A sound retirement strategy isn’t something that should be left until the night before your 65th birthday. In fact, learning the art of saving for retirement at 30 years of age, instead of waiting until later in life, can help you build an effective retirement investment strategy and protect you for years to come.
The obstacle most people in their 30s have when learning how to start saving for retirement is one of focus. What can they do to start saving for retirement? Where should they be directing their funds for maximum investment portfolio diversification? And how can they have fun in their 30s but still meet their retirement real estate investment goals?
Here are four tips for saving for retirement at 30 and reach your wealth-building goals, without having to live like a pauper.
4 Keys To Saving For Retirement At 30
1. Figure Out How Much You’ll Need
It’s hard to hit a target if you don’t know what that target is. And when it comes to retirement, it’s all about understanding how time and money can work together to create the financial security you desire when you retire, and then pinpointing the exact amount of money you hope to attain.
Now, there are many different kinds of retirement calculators out there. But one of the best — and most visually appealing — is the one from Vanguard. With its use of sliders and graphics, you’ll quickly see how much you need to start saving to ensure you live the life you want when you retire.
For example, if you’re 30 years old today, making $50,000 a year, and wish to retire at the age of 68, then you’ll need to, assuming an 8% return on your investments, save $9500 of your annual salary going forward (far more than the maximum 401K contribution of $5,000 currently allowed).
Of course, where you direct this savings — stocks, real estate, gold, 401K — will vary your results. But the key is to get a concrete number you want to strive for, and then make a financial plan to make that number a reality. The best part is, the earlier you get started, the less you have to save each year.
2. Realize Not All Debt is Bad
One of the biggest decisions people in their 30s have, when it comes to saving for retirement, is deciding whether to pay off debt or build up their retirement nest egg. And this is understandable, since most of us are taught from an early age that debt is “bad.”
But not all debt is created equal. That unsecured maxed-out credit card at 18% is far different from that student loan at 5%, which can be eventually be consolidated.
The key is to look at the rate of return. Will you get a better rate of return on your investments earmarked for retirement than you will for the savings from the annual rate of your debts? If so, then retirement investing should be at the top of your list of priorities. But if you have escalating, unsecured debt — such as a car payment or a credit card or even a collection — then you might want to pay off that debt, first, then focus your energies toward retirement.
3. Automate Your Savings
The real trick to saving for retirement, and not make it feel like a genuine hardship, is to set up systems in place that allow you to automate your savings, so money is set aside without you realizing it.

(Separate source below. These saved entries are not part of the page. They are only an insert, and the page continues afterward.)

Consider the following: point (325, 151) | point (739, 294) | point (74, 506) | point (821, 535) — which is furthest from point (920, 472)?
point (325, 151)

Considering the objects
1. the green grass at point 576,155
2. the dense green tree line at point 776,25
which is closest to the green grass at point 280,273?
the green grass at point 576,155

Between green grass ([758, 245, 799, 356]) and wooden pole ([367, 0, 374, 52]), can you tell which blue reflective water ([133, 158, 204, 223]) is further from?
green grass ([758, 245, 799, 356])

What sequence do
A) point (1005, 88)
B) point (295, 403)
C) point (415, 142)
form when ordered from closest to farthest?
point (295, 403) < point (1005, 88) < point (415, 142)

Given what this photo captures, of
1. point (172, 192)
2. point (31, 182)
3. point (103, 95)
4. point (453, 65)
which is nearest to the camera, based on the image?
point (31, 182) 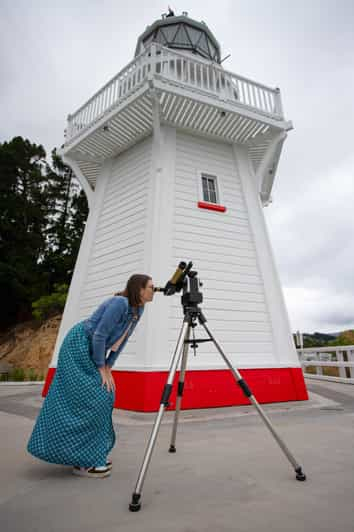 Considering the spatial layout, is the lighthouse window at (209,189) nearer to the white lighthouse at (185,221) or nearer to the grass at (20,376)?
the white lighthouse at (185,221)

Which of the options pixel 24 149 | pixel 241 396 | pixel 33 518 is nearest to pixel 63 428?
pixel 33 518

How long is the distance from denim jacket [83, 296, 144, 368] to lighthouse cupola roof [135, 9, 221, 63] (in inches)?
417

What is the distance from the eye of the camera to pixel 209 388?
5.06 metres

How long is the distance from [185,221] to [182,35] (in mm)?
7925

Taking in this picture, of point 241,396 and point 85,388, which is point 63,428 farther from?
point 241,396

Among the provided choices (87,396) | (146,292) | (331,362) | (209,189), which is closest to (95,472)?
(87,396)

There are many apps and tools that allow you to do this, without giving it a second thought. One of the best is called Acorns, an app which “rounds up” any purchase you make to the closest dollar and then deposits that money into whatever type of account you choose. (Investment, savings, bond allocation, etc.)
Or you can simply set up automatic withdrawals that will take a specific amount of money out of your account, on a monthly basis, and deposit it into an account of your choosing.
And “savings” doesn’t just mean monthly income; some of the biggest saving for retirement benefits you’ can get are from “banking” larger proceeds: such as raises, tax refunds, any kind of large financial windfall.
4. Put Your Lifestyle on a Diet
Sure, those jet skis look fun and that daily five-dollar latte sounds nice, but the truth is most of us have much more room in our budget for retirement than we think. That’s because most of us have numerous (and extraneous) expenses which can, and should, be eliminated to build future wealth.
One of the easiest ways to do this is to simply look at your bank and credit card statements. Scan them carefully to look for opportunities where you can cut spending. Things like subscriptions, hidden charges, and memberships can eat into your savings, without you realizing it.
Don’t forget to also revisit things you consider “necessities,” such as cable TV or that high-end luxury car. By opting for a cheaper alternative you can put more money in your retirement savings, and get you that much closer to the day you can finally say “I quit” to the rat race.
“It Begins With a Single Step”
Saving for retirement at 30 (and beyond) is not about making huge sacrifices and depriving yourself constantly of things you’d like to spend your money on. It’s about realizing that slow, consistent savings — over time — can make a huge contribution to your retirement savings. And the more you can systematize your savings, and the less you have to consciously think about it, the quicker you’ll reach those retirement goals — no matter how lofty they may be.